►
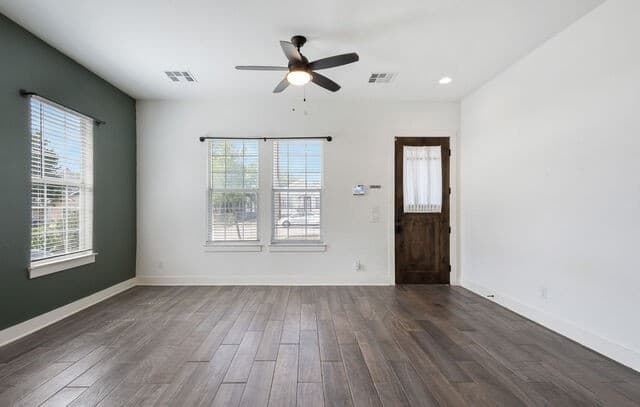 3-bedroom rental at 534 Rigsby Ave in San Antonio, TX — photo 2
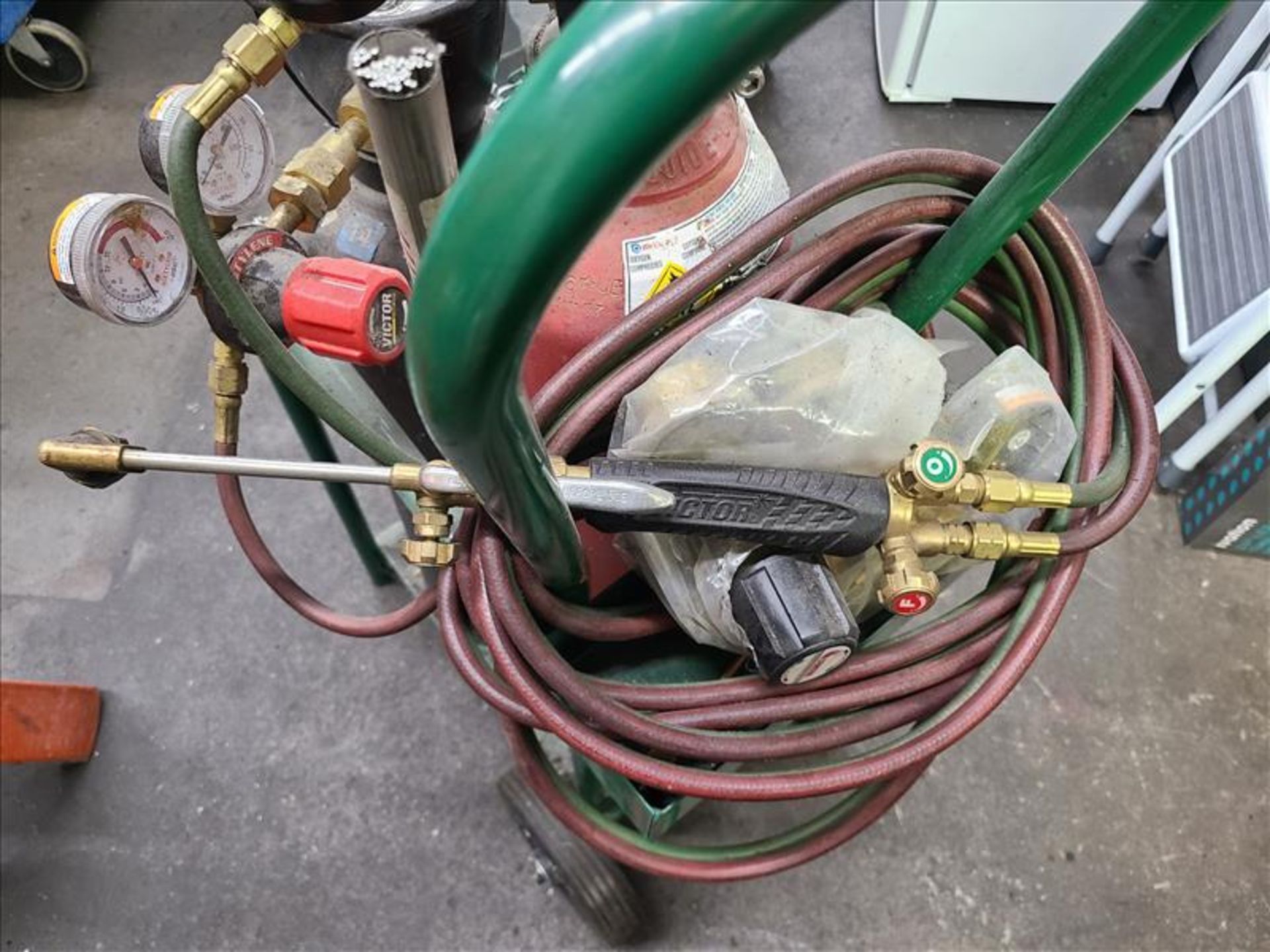 Welding Cart, w/oxygen and acetylene tanks and torch [Loc.Maintenance Dept.] - Image 2 of 4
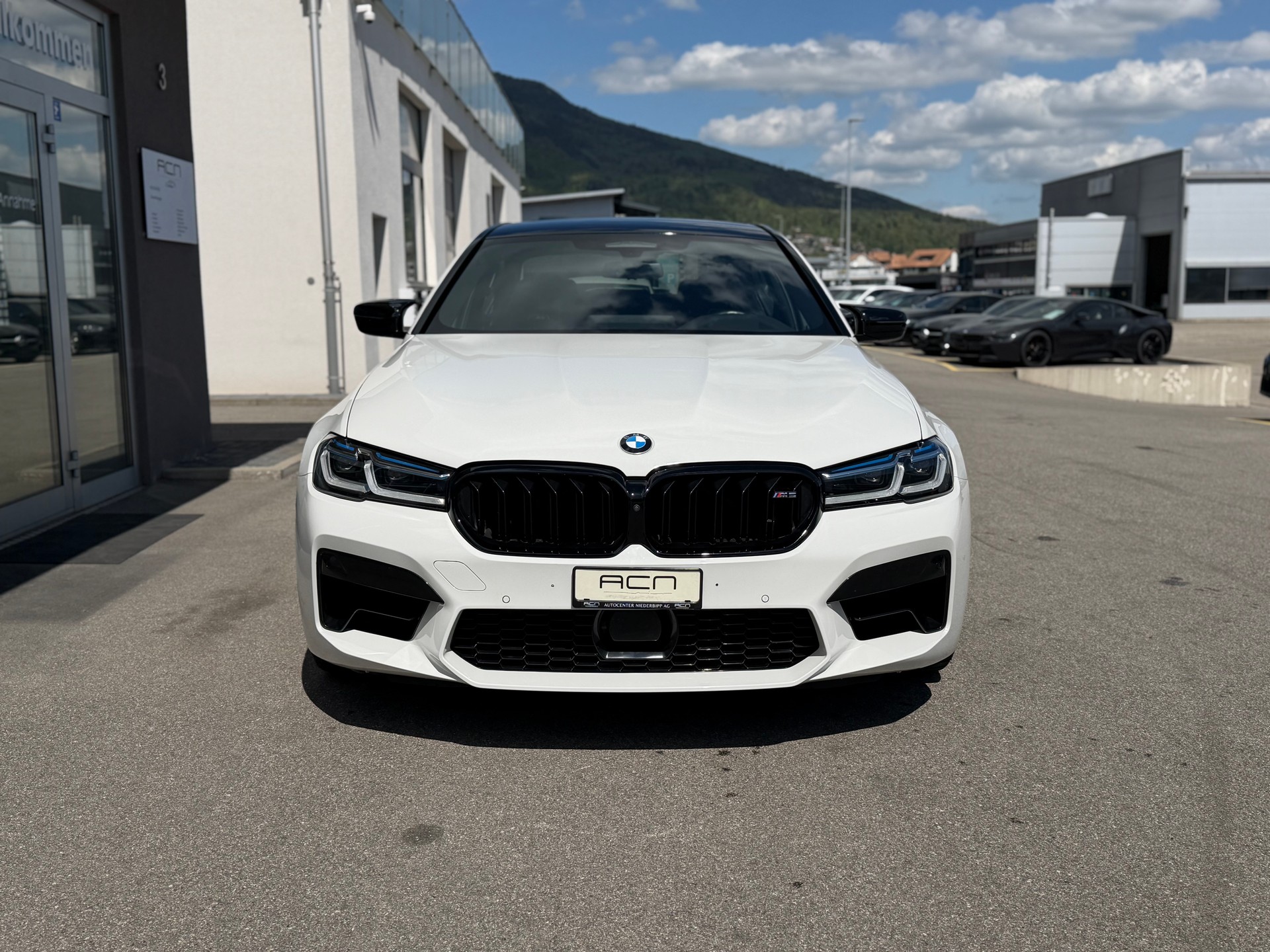 BMW M5 xDrive Drivelogic-showroom-element-1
◄
#### REQUIRED ACTION:
What should appear is an exact reproduction of the lines from the one with "Welding Cart, w/oxygen" through the end of the material above, and no pictures.

#### WRITTEN SOLUTION:
 Welding Cart, w/oxygen and acetylene tanks and torch [Loc.Maintenance Dept.] - Image 2 of 4
 BMW M5 xDrive Drivelogic-showroom-element-1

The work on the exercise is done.